Fui eu que dei vida a uma das maiores civilizações do mundo antigo. Sem mim, o Egito não passaria de um deserto. Todos os anos, como um relógio, eu transbordava as minhas margens num evento que os antigos egípcios não temiam, mas celebravam. Chamavam-lhe a "Inundação". Esta não era uma cheia destrutiva, mas um presente. As minhas águas, que desciam das montanhas distantes, vinham carregadas de um solo escuro e rico a que chamavam silte. Quando as águas recuavam, deixavam para trás um tapete de terra fértil, perfeito para cultivar trigo, linho e outras culturas. Este presente de comida abundante significava que nem todos precisavam de ser agricultores. As pessoas podiam dedicar-se a outras artes e ofícios. Tornaram-se engenheiros brilhantes, artistas talentosos e construtores visionários. Nas minhas margens, eles ergueram templos majestosos e as icónicas pirâmides, monumentos que ainda hoje desafiam o tempo. Eu não era apenas a sua fonte de alimento; eu era a sua autoestrada. Nas minhas águas, eles transportavam em barcaças os enormes blocos de pedra necessários para os seus projetos monumentais, ligando o Alto e o Baixo Egito num reino unificado. Eu era o coração pulsante da sua existência, o centro do seu universo.

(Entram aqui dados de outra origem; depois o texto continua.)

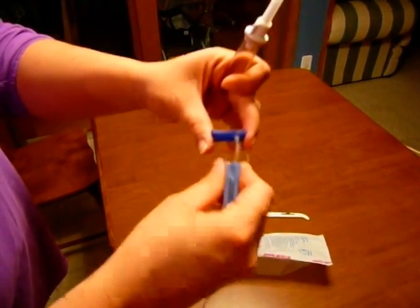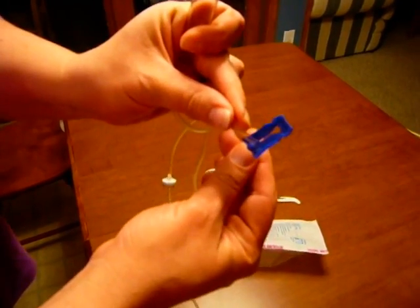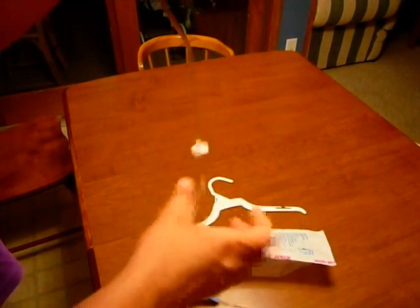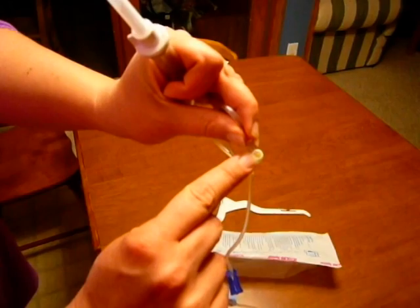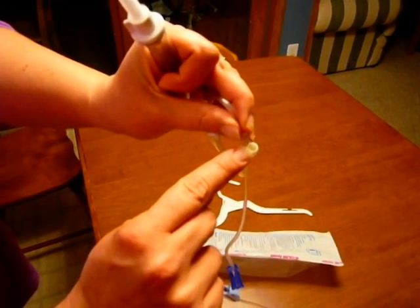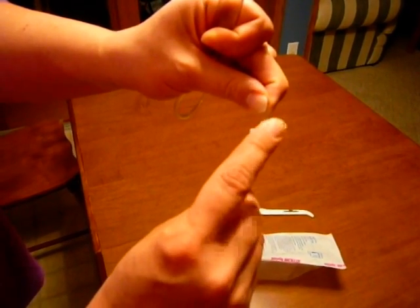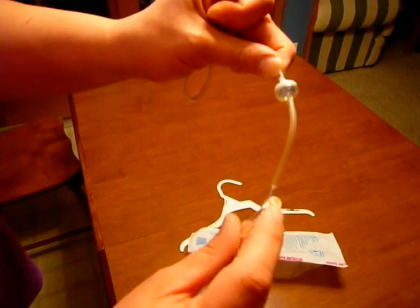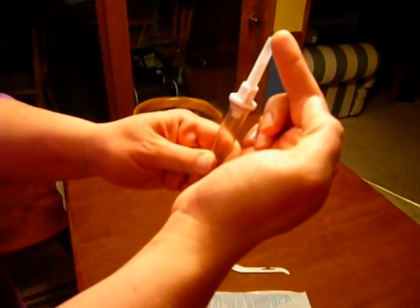The other parts of the tubing you'll notice: this is a blue slide clamp. A slide clamp means that you can slide it across and clamp the tubing like that — that's closed, this is open. There are injection ports where we can access to inject IV medications through, either by piggyback or by injection. And then there's an anti-reflux valve right here. What this does is it does not allow any medication or fluid injected below this point to ever go back up through the drip chamber and up into where the IV bag is going to be hanging.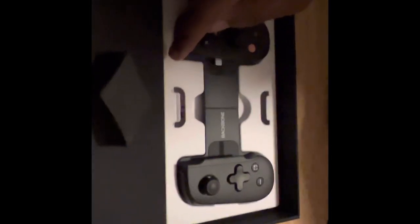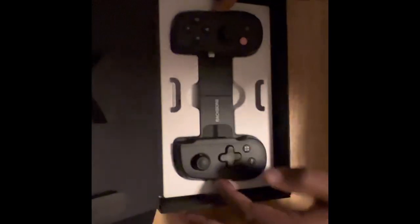So here, this is the Backbone One — see, nice triggers. I can hear the snap on those triggers.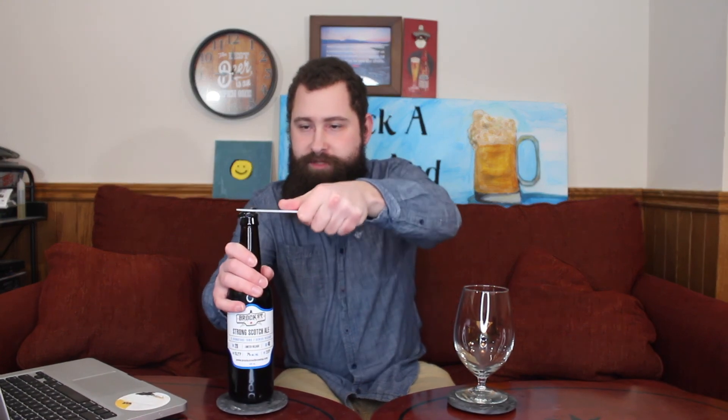I need a bottle opener for this — thankfully my Red Stripe bottle opener is not too far away. I can just reach over, grab it, pop this top, throw the cap on the floor — that's gonna be fine. We're gonna pour it into my Exchange Brewery fat glass. I'm calling it a fat glass — let's pour it up.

Durante milhares de anos, a minha origem foi um dos maiores mistérios da humanidade. Os egípcios sabiam que eu lhes dava a vida, mas não sabiam de onde eu vinha. Filósofos gregos e imperadores romanos enviaram expedições para encontrar a minha nascente, mas todos falharam, derrotados por pântanos impenetráveis e desertos implacáveis. O enigma só começou a ser resolvido muito mais tarde. O segredo está no facto de eu ser, na verdade, dois rios que se unem. O Nilo Azul, que nasce nas terras altas da Etiópia, é o meu afluente mais impetuoso. Durante o verão, as suas águas correm com força, trazendo a maior parte da água e o precioso silte que fertilizava o Egito. O Nilo Branco é o meu afluente mais longo e constante, fluindo calmamente desde o coração de África, garantindo que eu nunca seque. A busca pela minha nascente atraiu exploradores corajosos de todo o mundo. Um deles, um britânico chamado John Hanning Speke, estava determinado a resolver o mistério. Após uma jornada árdua e perigosa, no dia 3 de agosto de 1858, ele chegou às margens de um lago imenso, tão vasto que parecia um mar interior. Ele chamou-lhe Lago Vitória, em honra da sua rainha, e declarou-o corretamente como sendo a nascente do Nilo Branco. O grande quebra-cabeças da geografia antiga estava finalmente a ser montado.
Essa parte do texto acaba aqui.